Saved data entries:
————————

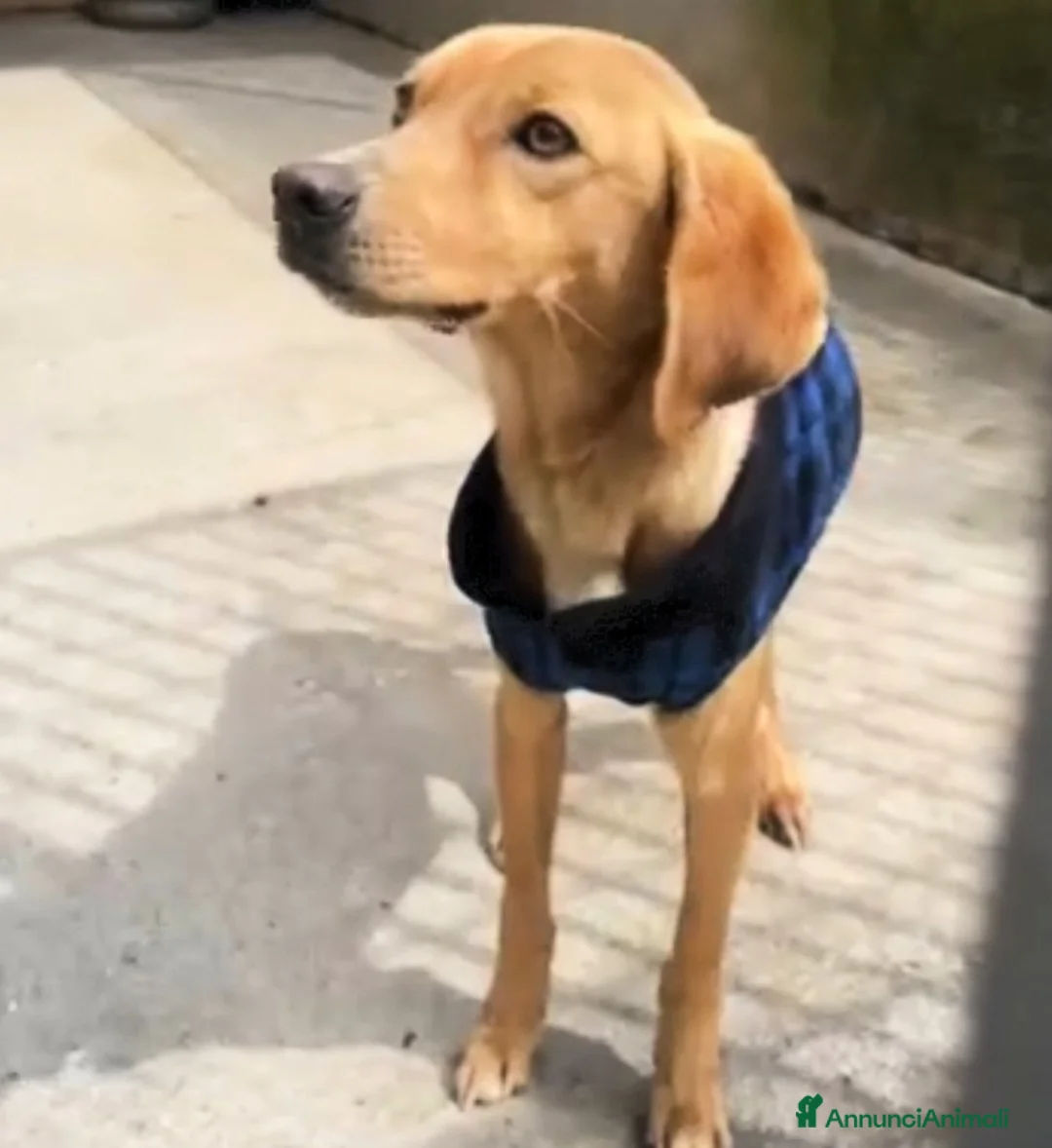 Meticcio cani in regalo: UNA MAMMA PER JAZZ a Provincia di Varese - Annuncio 6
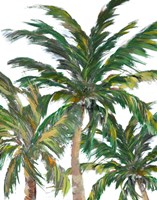 Tropical Trees on White III Fine Art Print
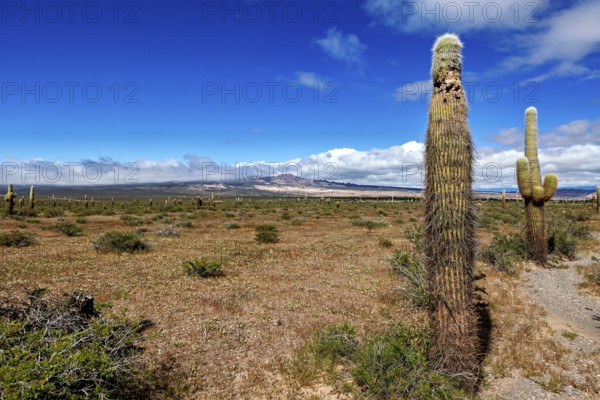 Single cactus in front of a wide desert landscape and horizon with clouds, The landscape of the Quebrada with its large cacti near Salta in Argentina, Cardón cactus (Echinopsis atacamensis)
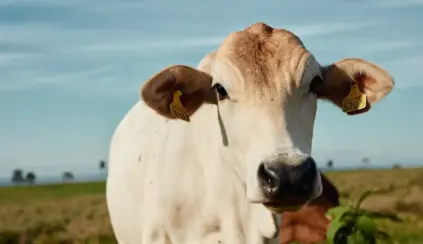 Gado Nelore com chip na orelha esquerda, tecnologia que promove a rastreabilidade e sustentabilidade, para ilustrar matéria sobrw o papel do Brasil na segurança alimentar global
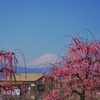 A scene of everyday life with Mt. Fuji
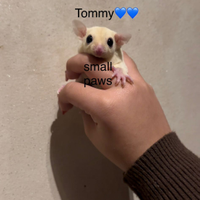 Petauri dello zucchero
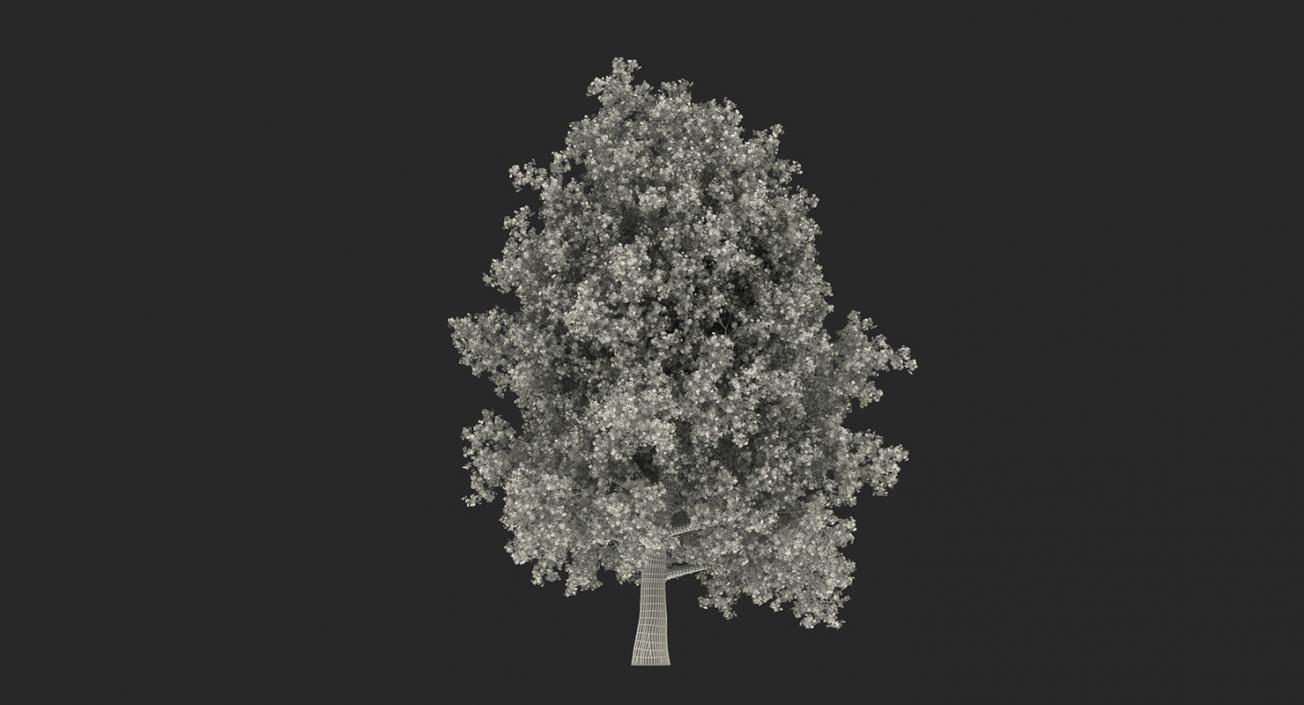 3D model Summer Trees Collection 4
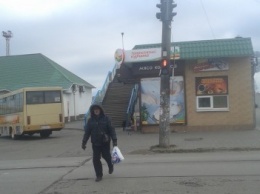Не дружат пешеходы Бердянска с правилами дорожного движения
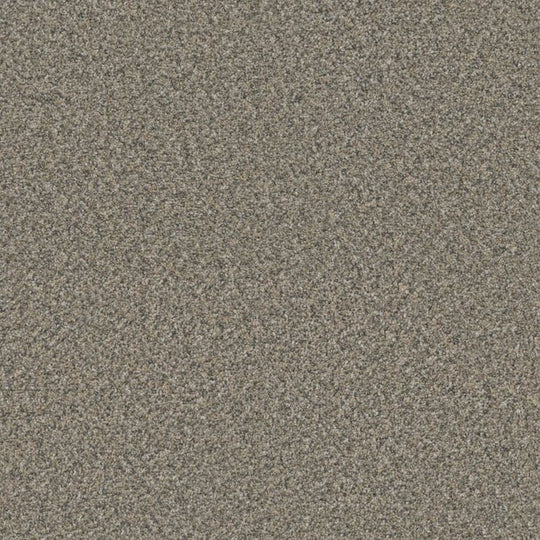 Phenix Floor Ever Surpass 12' Carpet Tile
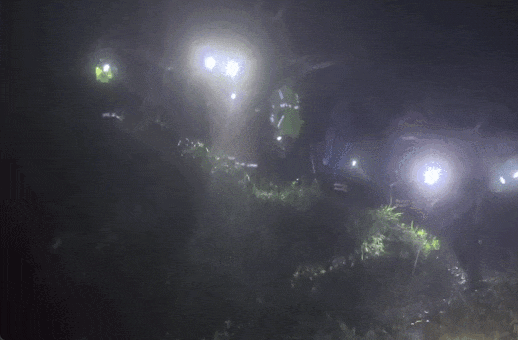 10天接连发生5起！杭州紧急提醒：“说走就走”要不得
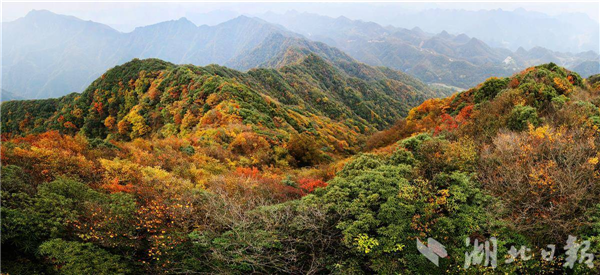 湖北7地为中国生物圈保护区网络成员_fororder_微信图片_20250225093546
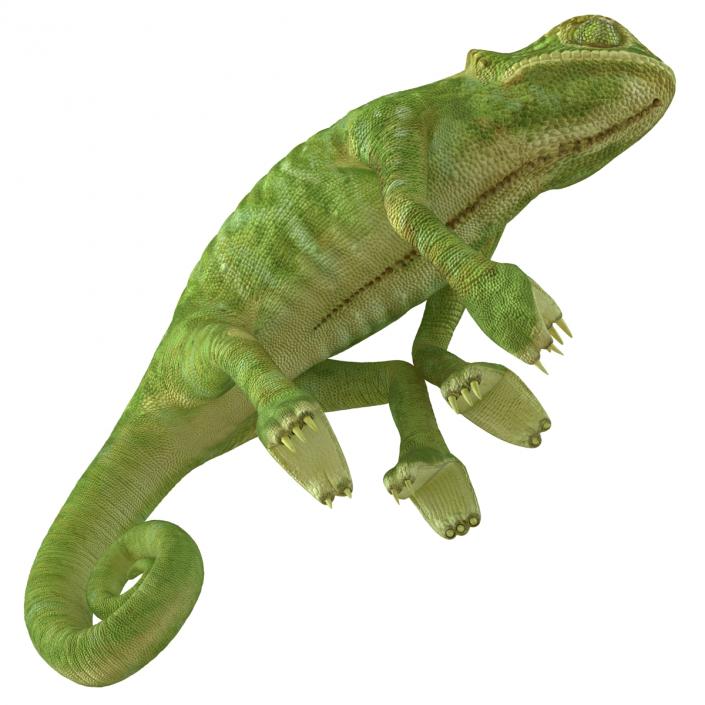 3D Chameleon Rigged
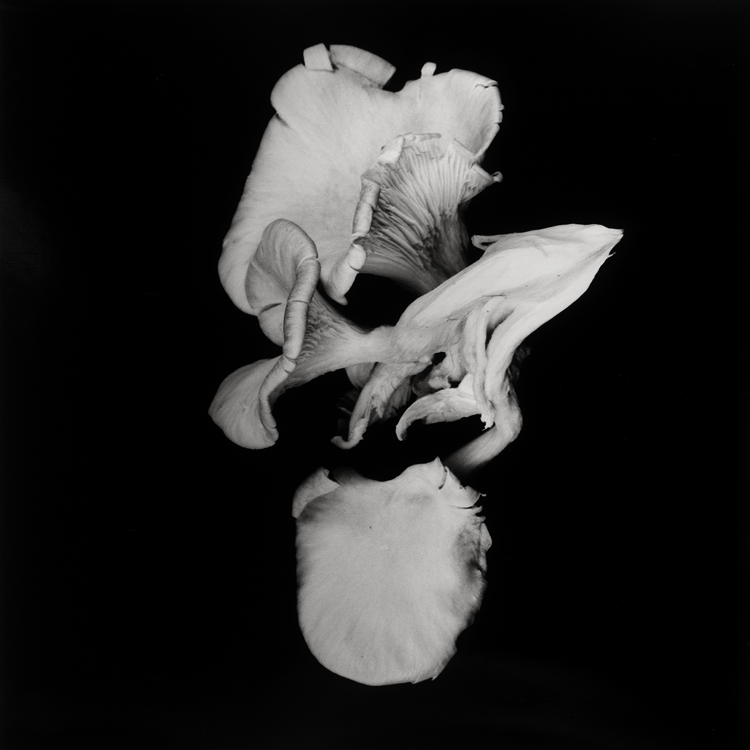 dejeuner. Dale M Reid Photography. Oyster Mushroom series. 2015.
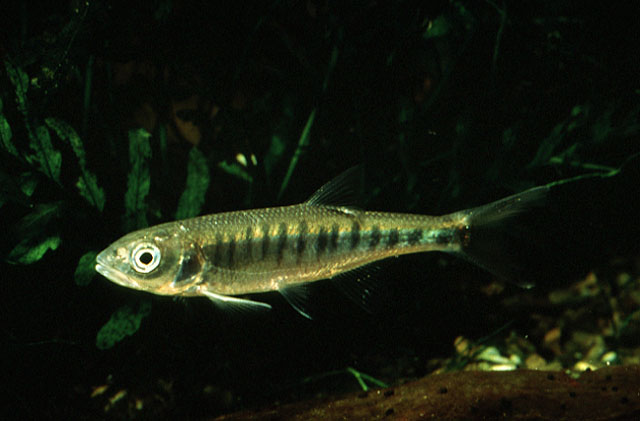 (Raiamas) Род РАЯМАСЫ 16 видов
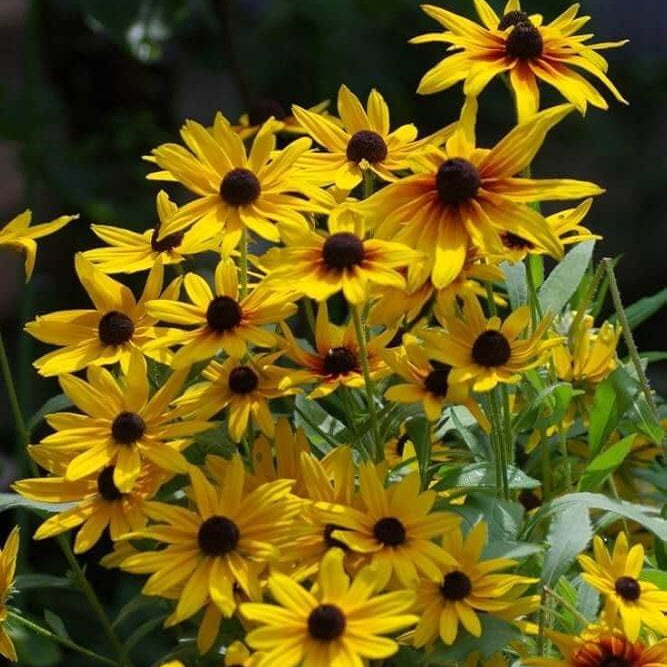 Bright Yellow Black-Eyed Susan Seeds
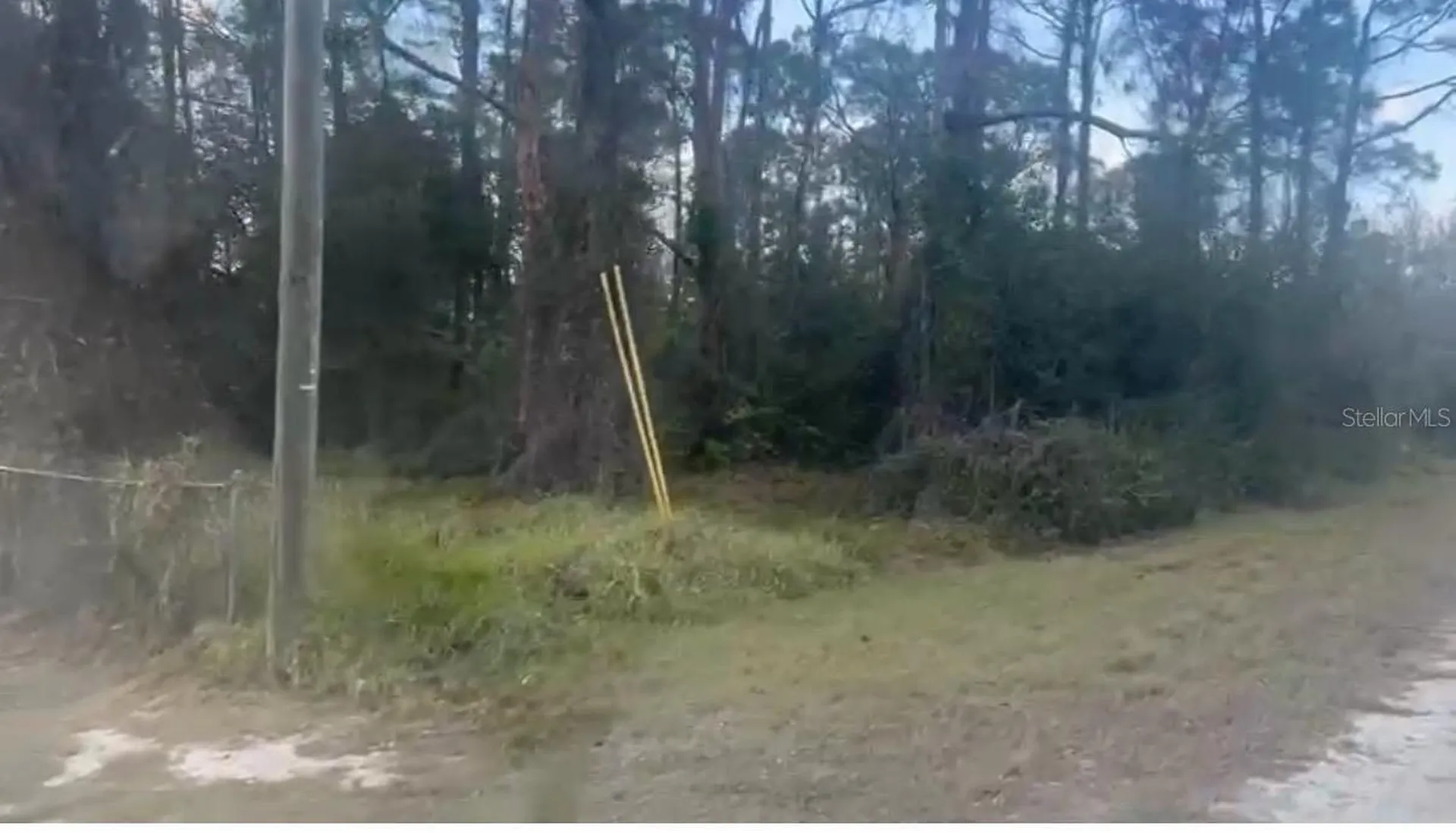 311 Wilson Lane NE Lake Placid FL 33852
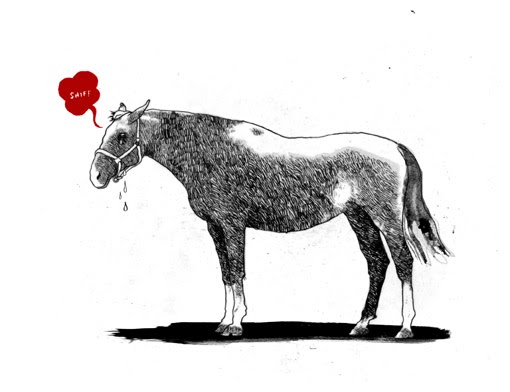 david foldvari: another horse, another muffhead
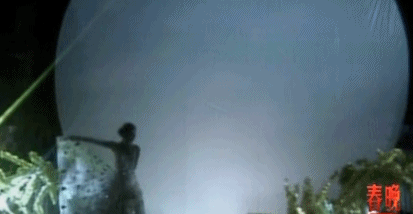 杨丽萍的饮食食谱，杨丽萍减肥食谱（61岁杨丽萍新舞又美爆热搜）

————————

Going by the entries above, repeat exactly the lines that start at the line with "Tropical Trees on White III Fine Art Print" and go on through the line with "3D model Summer Trees Collection 4". Pictures are not part of the copy.

 Tropical Trees on White III Fine Art Print
 Single cactus in front of a wide desert landscape and horizon with clouds, The landscape of the Quebrada with its large cacti near Salta in Argentina, Cardón cactus (Echinopsis atacamensis)
 Gado Nelore com chip na orelha esquerda, tecnologia que promove a rastreabilidade e sustentabilidade, para ilustrar matéria sobrw o papel do Brasil na segurança alimentar global
 A scene of everyday life with Mt. Fuji
 Petauri dello zucchero
 3D model Summer Trees Collection 4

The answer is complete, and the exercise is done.